**EXERCISE DESCRIPTION:** The lines from the one containing "Elevated Shirt Navy Stripe Thin Regular" through the final line of the data below must be written out exactly, both included, and nothing more.

++++ SOURCE INFORMATION

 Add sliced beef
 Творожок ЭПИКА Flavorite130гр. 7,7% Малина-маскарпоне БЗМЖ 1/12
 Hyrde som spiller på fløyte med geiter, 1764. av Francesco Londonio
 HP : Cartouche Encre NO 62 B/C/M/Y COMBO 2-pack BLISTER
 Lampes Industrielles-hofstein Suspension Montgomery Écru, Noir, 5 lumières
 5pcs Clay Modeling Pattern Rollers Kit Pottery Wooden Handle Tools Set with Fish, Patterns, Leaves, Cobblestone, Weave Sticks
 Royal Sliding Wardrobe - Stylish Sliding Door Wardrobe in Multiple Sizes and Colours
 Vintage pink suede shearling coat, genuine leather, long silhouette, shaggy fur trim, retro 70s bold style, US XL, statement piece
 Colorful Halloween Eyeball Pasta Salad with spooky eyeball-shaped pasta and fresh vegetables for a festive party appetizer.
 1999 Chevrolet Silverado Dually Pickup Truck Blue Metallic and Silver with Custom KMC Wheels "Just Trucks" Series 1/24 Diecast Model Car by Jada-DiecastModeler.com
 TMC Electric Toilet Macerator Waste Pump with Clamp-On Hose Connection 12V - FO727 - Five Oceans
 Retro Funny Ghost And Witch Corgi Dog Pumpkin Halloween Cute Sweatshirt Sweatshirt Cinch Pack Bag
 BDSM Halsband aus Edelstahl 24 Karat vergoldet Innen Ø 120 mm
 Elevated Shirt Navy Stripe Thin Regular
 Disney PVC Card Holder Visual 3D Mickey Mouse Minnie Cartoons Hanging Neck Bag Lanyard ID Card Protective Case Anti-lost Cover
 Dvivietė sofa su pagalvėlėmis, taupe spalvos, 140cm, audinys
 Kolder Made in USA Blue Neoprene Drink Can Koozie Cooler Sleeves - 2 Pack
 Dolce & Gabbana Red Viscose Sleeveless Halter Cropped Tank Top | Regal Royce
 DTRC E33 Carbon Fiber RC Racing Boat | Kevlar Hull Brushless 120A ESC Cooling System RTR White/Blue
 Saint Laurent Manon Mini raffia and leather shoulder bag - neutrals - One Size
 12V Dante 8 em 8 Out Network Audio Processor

++++++++

**PROBLEM SOLUTION:**
 Elevated Shirt Navy Stripe Thin Regular
 Disney PVC Card Holder Visual 3D Mickey Mouse Minnie Cartoons Hanging Neck Bag Lanyard ID Card Protective Case Anti-lost Cover
 Dvivietė sofa su pagalvėlėmis, taupe spalvos, 140cm, audinys
 Kolder Made in USA Blue Neoprene Drink Can Koozie Cooler Sleeves - 2 Pack
 Dolce & Gabbana Red Viscose Sleeveless Halter Cropped Tank Top | Regal Royce
 DTRC E33 Carbon Fiber RC Racing Boat | Kevlar Hull Brushless 120A ESC Cooling System RTR White/Blue
 Saint Laurent Manon Mini raffia and leather shoulder bag - neutrals - One Size
 12V Dante 8 em 8 Out Network Audio Processor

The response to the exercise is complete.